Heuristics Behaving Badly: Party Cues and Voter Knowledge


  • The authors would like to thank Adam Chamberlain, Paul Goren, Charles Gregory, Jon Hurwitz, Joanne Miller, Kathryn Pearson, Wendy Rahn, members of the Political Behavior Discussion Group at the University of Pittsburgh, and members of the American Politics Proseminar at the University of Minnesota for feedback on earlier versions of this article. We would also like to thank the anonymous reviewers and the editor for their many helpful comments. Sheagley acknowledges financial support from the University of Minnesota's Center for the Study of Political Psychology and the Ph.D. minor in Political Psychology. The 2006 CCES data can be found online at http://projects.iq.harvard.edu/cces/. Replication code can be found at the AJPS Dataverse page.

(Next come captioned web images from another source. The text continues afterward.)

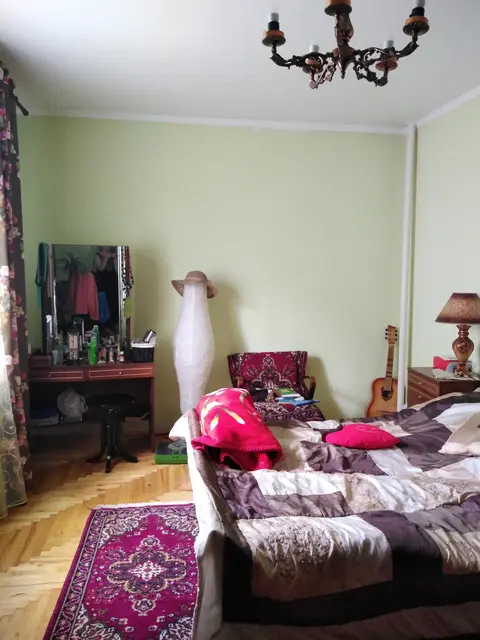  м² и участком сотки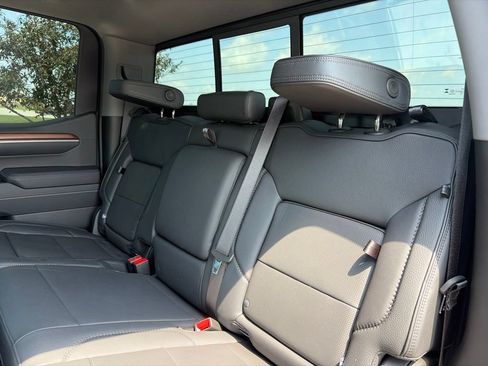 Used 2025 GMC Sierra 1500 Denali w/ Denali Reserve Package AWD/4WD image 50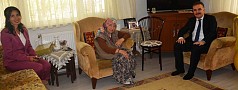 KAYMAKAM AHMET ODABAŞ’TAN ŞEHİT ANNELERİNE ‘ANNELER GÜNÜ’ ZİYARETİ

Logan Dancey is Assistant Professor of Government, Wesleyan University, 238 Church Street, Middletown, CT 06459 (ldancey@wesleyan.edu). Geoffrey Sheagley is a Ph.D. candidate in Political Science, University of Minnesota, 1414 Social Sciences, 267 19 Ave. S., Minneapolis, MN 55455 (shea0105@umn.edu).


Party cues provide citizens with low-cost information about their representatives’ policy positions. But what happens when elected officials deviate from the party line? Relying on the 2006 Cooperative Congressional Election Study (CCES), we examine citizens’ knowledge of their senators’ positions on seven high-profile roll-call votes. We find that although politically interested citizens are the group most likely to know their senator's position when she votes with the party, they are also the group most likely to incorrectly identify their senator's position when she votes against her party. The results indicate that when heuristics “go bad,” it is the norm for the most attentive segment of the public to become the most misinformed, revealing an important drawback to heuristic use.